Aurora: How do you see this blend within ‘creative industries’?

Toby Miller: In terms of the creative industries area, this is obviously where lots of people who have degrees in cultural or medial studies have gone on to work, whether it is advertising agencies, or what used to be arts-and-crafts local-government policy wonks, or people working for a Canada Council, whatever it may be. That is an area where there has always been a lot of intersection and I support that through all my concerns about the creative industry discourse. When it comes to environmental issues, I think there is a lot to be gained. I think it is terrifically important to be working with activists.

Aurora: What about the blend with the academic study of environmental studies with activists?

Toby Miller: Many cultural and non-cultural studies scholars are people who know a lot about, for example, the way the popular media figure in environmental problems, and have already brought the discussion to the academic table. I was very pleased at the annual convention of the Media, Communications and Cultural Studies Association in Britain in January of this year.

I was on a panel with the noted environmental critic George Monbiot. The audience was spellbound by what he had to say about the importance of these topics. I think Monbiot found that media and cultural studies folks gave a lot back to him. This is quite unlike the so-called science wars of the 90's, when there was a great deal of antipathy, and certainly strained relations, between science and environmental types and cultural studies. Now I think there is, first, a renewed faith in rationality after the experience of the Bush years and their geopolitical disasters. Second, there is lots in science, particularly to do with the environment, that is tremendously important. Cultural studies can gain from science, and may be there are things that we can offer because of our commitment to a progressive politics articulated to grassroots experience.

Aurora: Thanks Toby. We have a second set of questions we are hoping you will elaborate on.

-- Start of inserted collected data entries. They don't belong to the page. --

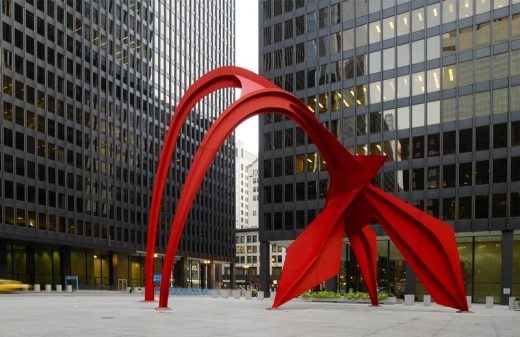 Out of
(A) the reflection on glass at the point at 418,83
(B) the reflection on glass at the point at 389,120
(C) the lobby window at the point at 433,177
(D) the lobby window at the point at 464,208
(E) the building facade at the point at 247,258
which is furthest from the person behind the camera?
(E) the building facade at the point at 247,258

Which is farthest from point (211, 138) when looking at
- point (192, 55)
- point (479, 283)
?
point (192, 55)

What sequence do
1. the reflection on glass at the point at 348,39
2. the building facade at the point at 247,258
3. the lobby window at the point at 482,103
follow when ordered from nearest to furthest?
the lobby window at the point at 482,103 < the reflection on glass at the point at 348,39 < the building facade at the point at 247,258

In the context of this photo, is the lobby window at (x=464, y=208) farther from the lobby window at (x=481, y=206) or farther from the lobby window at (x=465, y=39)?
the lobby window at (x=465, y=39)

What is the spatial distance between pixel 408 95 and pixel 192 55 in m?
66.6

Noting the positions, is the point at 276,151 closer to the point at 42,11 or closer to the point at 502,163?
the point at 502,163

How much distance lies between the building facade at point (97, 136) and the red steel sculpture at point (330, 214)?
42206 millimetres

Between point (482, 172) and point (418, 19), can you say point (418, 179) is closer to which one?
point (482, 172)

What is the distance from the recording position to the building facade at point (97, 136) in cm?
6488

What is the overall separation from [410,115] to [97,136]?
4603 centimetres

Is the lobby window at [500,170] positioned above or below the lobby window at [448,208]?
above

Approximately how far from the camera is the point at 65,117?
72938 mm

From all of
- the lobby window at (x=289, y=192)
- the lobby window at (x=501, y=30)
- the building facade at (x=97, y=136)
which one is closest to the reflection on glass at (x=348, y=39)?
the lobby window at (x=501, y=30)

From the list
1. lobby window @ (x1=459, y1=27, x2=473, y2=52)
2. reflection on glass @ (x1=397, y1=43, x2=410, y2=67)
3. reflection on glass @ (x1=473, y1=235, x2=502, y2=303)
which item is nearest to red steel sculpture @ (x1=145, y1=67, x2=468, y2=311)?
reflection on glass @ (x1=473, y1=235, x2=502, y2=303)

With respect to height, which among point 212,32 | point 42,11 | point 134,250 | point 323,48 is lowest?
point 134,250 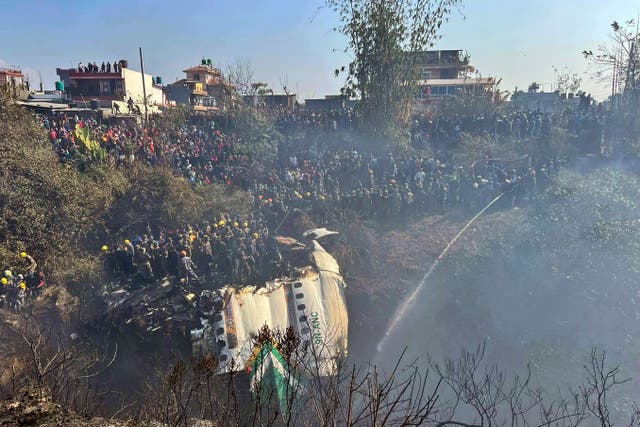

The idea that individual consciousness is internally divided, that is self-estranged, has existed in one incarnation or another for a long time. We are referring to your book The Well-Tempered Self. Here we are thinking of Durkheimian anomie, Marxist alienation, existential angst, even R.D. Laing's "Divided Self". What, if any, commonality does your notion of a split subject share with these predecessors?

Toby Miller: Good question. I probably differ from the humanistic side to Marxism or the notions of a psychic subject, collective or otherwise, that might underpin Durkheim or R.D. Laing. I am probably going back to Hegel and the idea of a subject who is split in the separation of language from referentiality. You see the same thing in Schiller or in Goethe, as a consequence of the division of labor, in the case of Hegel, or as a consequence of the inevitable separation between language and reference, in the case of language theorists. There was an originary mythology in Hegel of an ethical incompleteness rent asunder by two forces. First, ethical completeness is rent by the force of the division of labor, and second, by the force of the separation of language from referentiality. I am interested in historicizing this split in the self, the subject, what I take up as ethical incompleteness, rather than assuming that it is an accurate description of a state of affairs. I am questioning the idea that labor divides the subject, or is it that loss of religion divides the subject as a consequence of industrialization, or that the brutality of modern living divides the subject. These are all ideas that you might ascribe to Marx, Durkheim, or Laing – all of these theorists assume there was this unified entity, a unified human subject.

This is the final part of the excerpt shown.